Let $\sigma:U\rightarrow V$ and $\tau:V\rightarrow W$ such that $dimU=n$, $dimV=m$. Define $v(\tau)$ to be the nullity of $\tau$, $\sigma$ and $\tau$ are linear transformations, and $\rho$ means rank of the linear transformation.
proof (attempt 1):
By Corollary 1.11, $\rho(\sigma)=\rho(\tau\sigma)+v(\tau)$ $\Leftrightarrow$ $\rho(\sigma)-v(\tau)=\rho(\tau\sigma)$. Note that $v(\tau)\leq m$ \begin{align}\Rightarrow \rho(\sigma)-m &\leq \rho(\tau\sigma)\\ \Rightarrow \rho(\sigma)-(\rho(\tau)+v(\tau)) &\leq \rho(\tau\sigma)\\ \Rightarrow \rho(\sigma)-\rho(\tau)-m &\leq \rho(\tau\sigma)\end{align}
proof (attempt 2):
By Corollary 1.11, $\rho(\sigma)-m\leq \rho(\tau\sigma)$. This implies $\rho(\sigma)-m+\rho(\tau)\leq\rho(\tau\sigma)+\rho(\tau)\Rightarrow \rho(\sigma)+\rho(\tau)-m\leq\rho(\tau\sigma)+\rho(\tau)$.
I am stuck. Is it possible to this relationship intuitively?

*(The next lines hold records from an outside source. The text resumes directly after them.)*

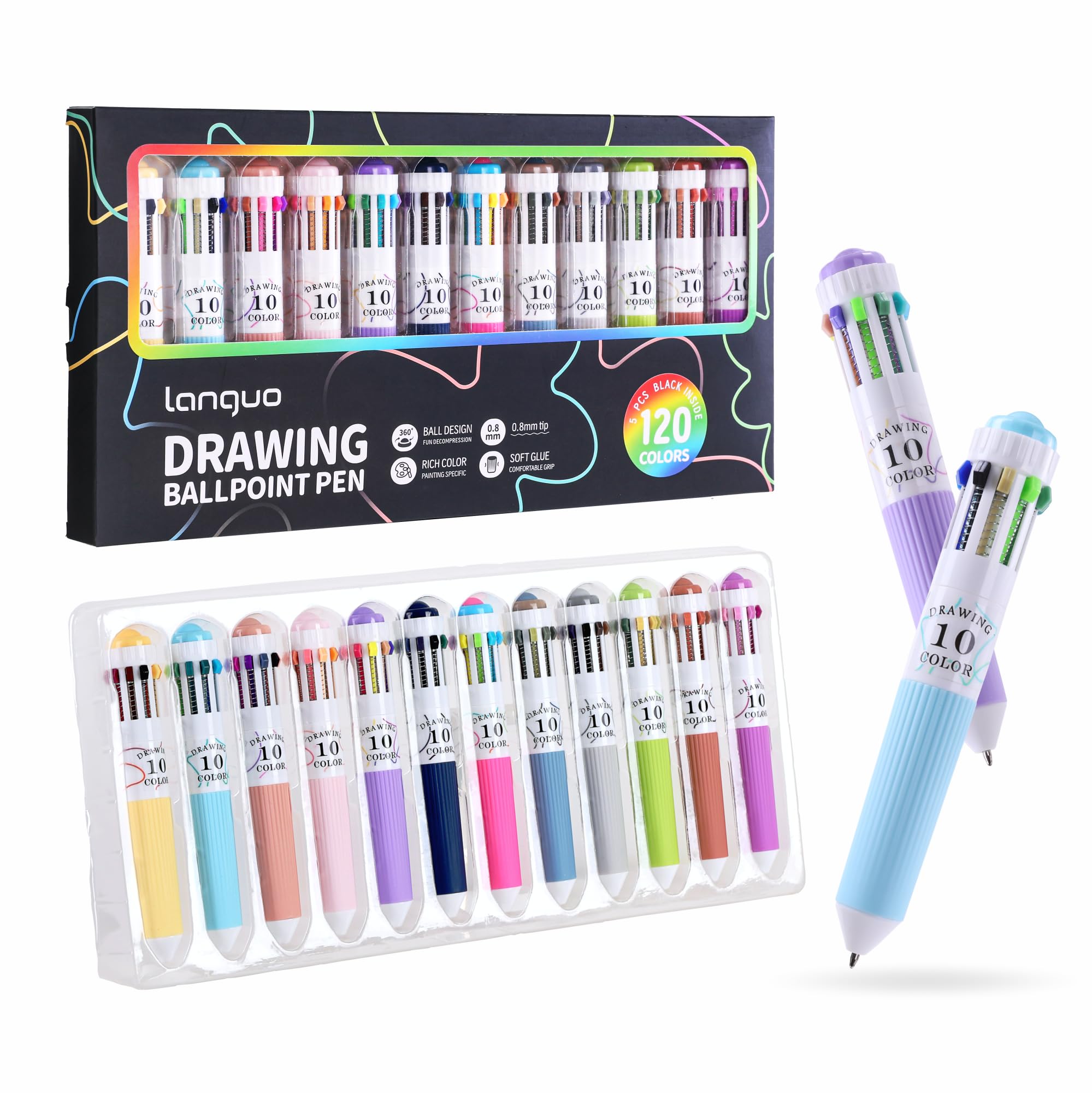 languo Bolígrafo multicolor de 120 colores, juego de 12 bolígrafos multicolor 10 en 1, punta de 0.8 mm, bolígrafos retráctiles de colores para dibujar y escribir, suministros de arte de oficina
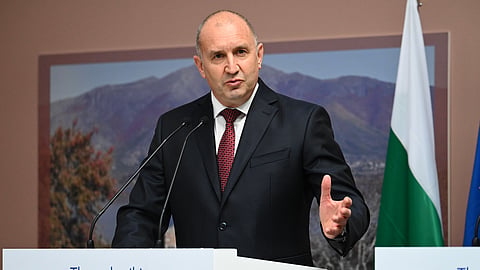 Bulgarian Prime Minister Rumen Radev speaks during a handover ceremony of the remains of medieval ruler Czar Samuel, in Thessaloniki, northern Greece, Saturday, Oct. 3, 2026.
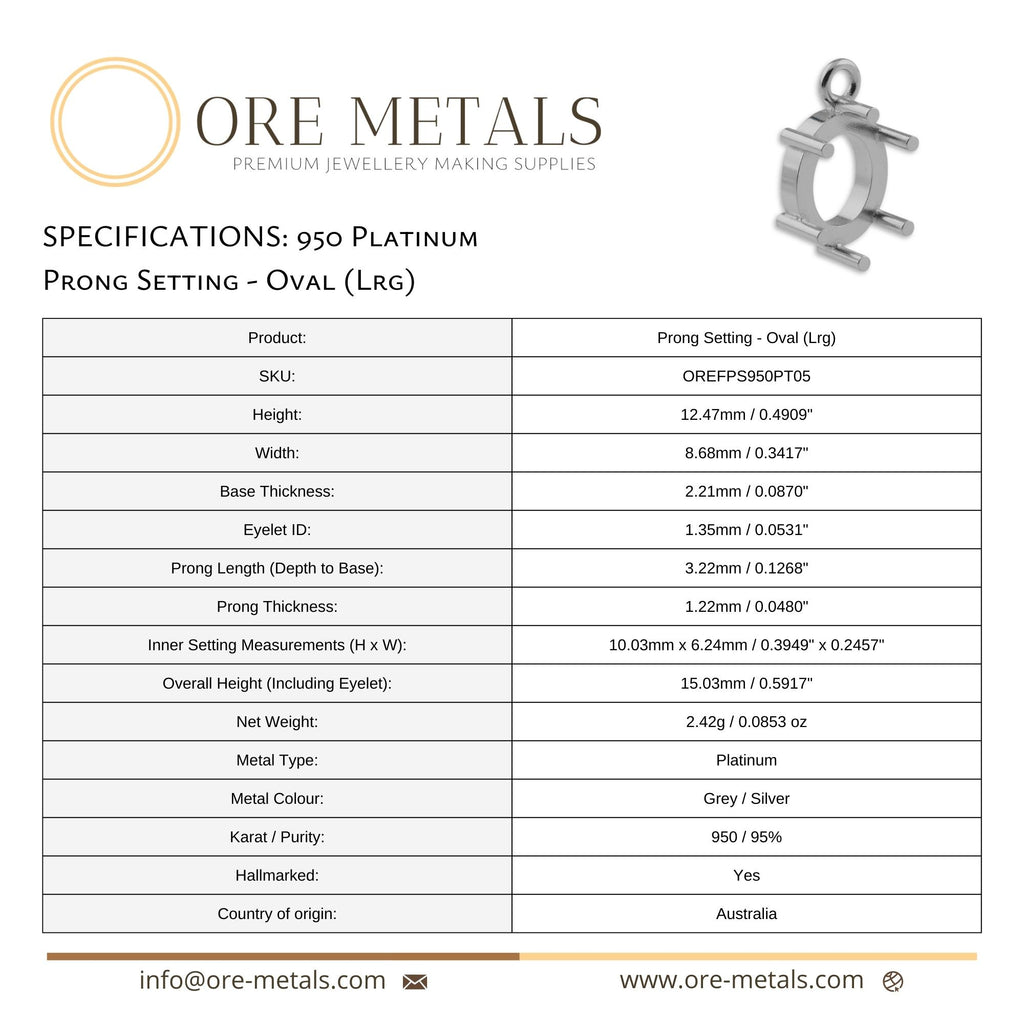 950 Platinum - Oval Prong Setting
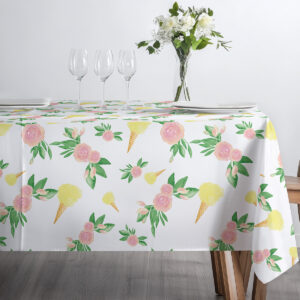 Widok z góry na powtarzalny wzór akwarelowych róż i żółtych gałek lodów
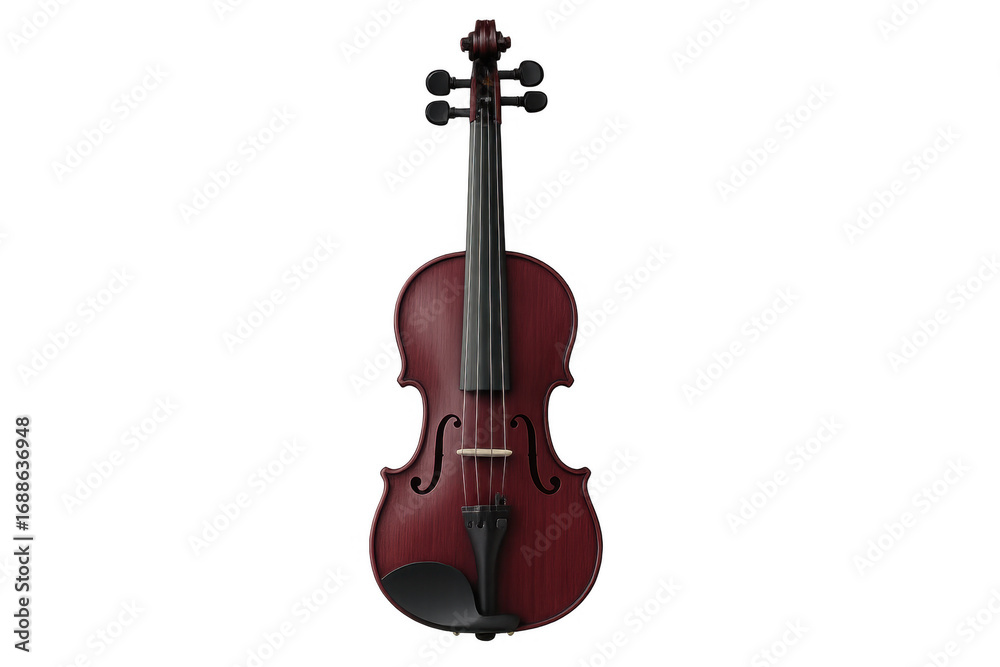 Obraz premium Red violin isolated on transparent background, perfect for music-related projects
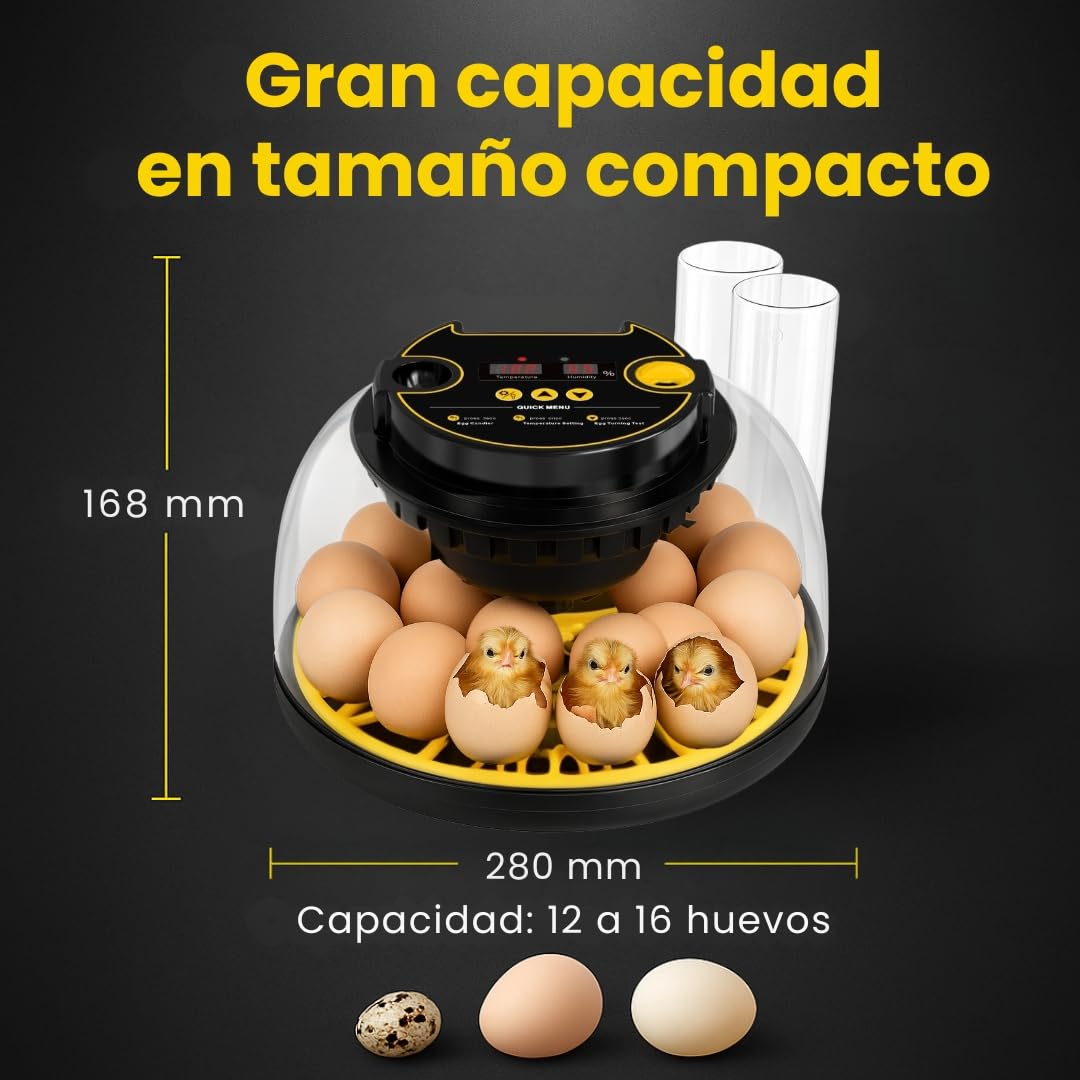 INCUBADORA HUEVOS AUTOMÁTICA Para Todo Tipo De AVES| 12-16 Huevos| Control Automático De Temperatura, Humedad| Incluye Calendario,Comedero,Bebedero y Guía|Sin baterías,alimentación por enchufe 35W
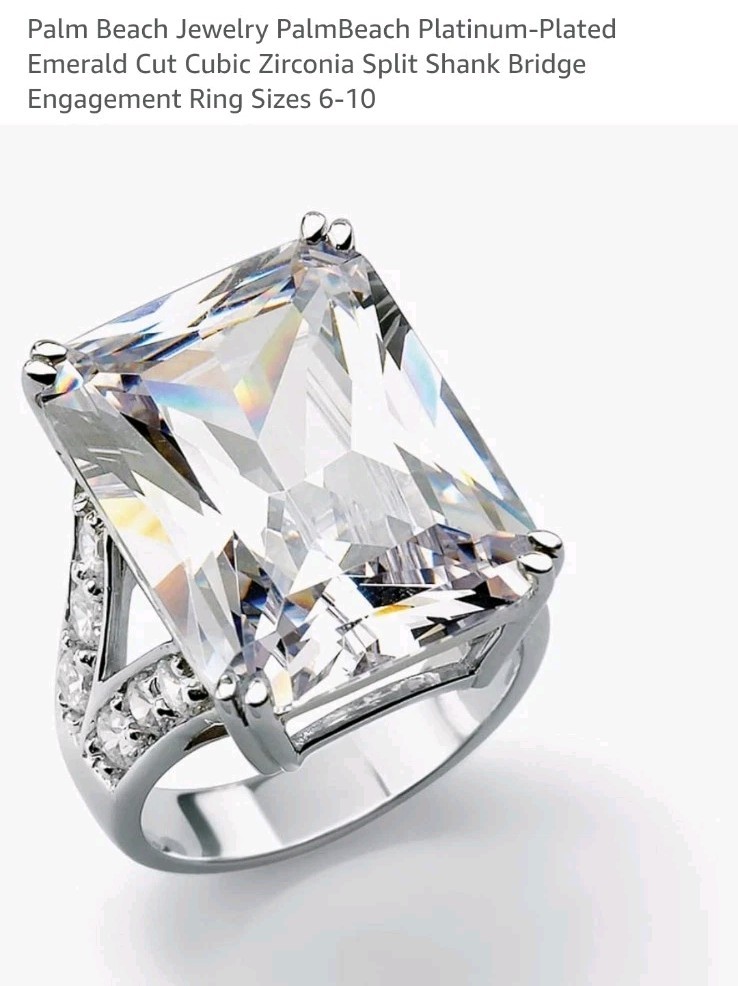 Emerald Cut 27 Carats Platinum Plated Statement Ring Size 8 SETA Palm Beach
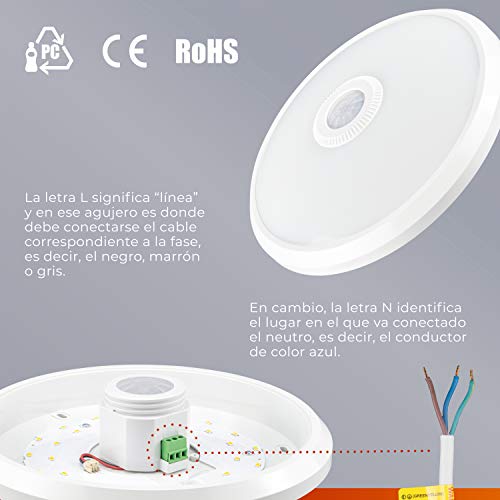 POPP® Plafón superficie LED con Sensor de movimientos por infrarrojo blanco,16W IP20 Neutro 4000K SMD2835 interior,exterior,pasillos,cocinas,garaje ref:SM-11B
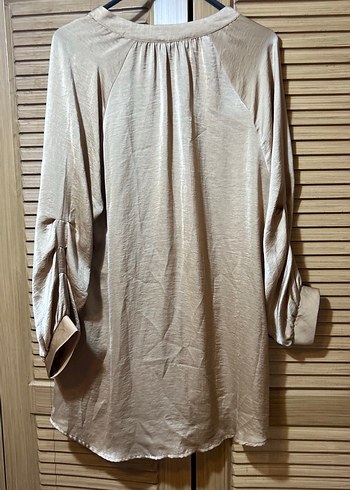 Bej Parıltılı Uzun Keten Gömlek - Görsel 5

Note that $\rho(\sigma)+\rho(\tau)-m=\rho(\sigma)-(m-\rho(\tau))=\rho(\sigma)-v(\tau)$ and $\rho(\tau\sigma)+v(\tau\sigma)=n\Rightarrow \rho(\tau\sigma)=n=v(\tau\sigma)$. By Theorem 1.4., $\rho(\sigma)\leq min\{m,n\}\Rightarrow \rho(\sigma)\leq n\Rightarrow \rho(\sigma)-v(\tau)\leq n-v(\tau)$. Since $(\tau\sigma)\subset K(\tau)\Rightarrow v(\tau\sigma)\leq v(\tau)\Rightarrow -v(\tau\sigma)\geq -v(\tau)$. Then \begin{align}n-v(\tau)\leq n-v(\tau\sigma)&\Rightarrow \rho(\sigma)-v(\tau)\leq n-v(\tau\sigma)\\&\Rightarrow \rho(\sigma)-(m-\rho(\tau))\leq \rho(\tau\sigma)\\&\Rightarrow \rho(\sigma)+\rho(\tau)-m\leq \rho(\tau\sigma)\end{align} and $\rho(\tau\sigma)\leq min\{\rho(\sigma),\rho(\tau)\}$ directly follows from Theorem 1.4.
$\Bbb{Q.E.D.}$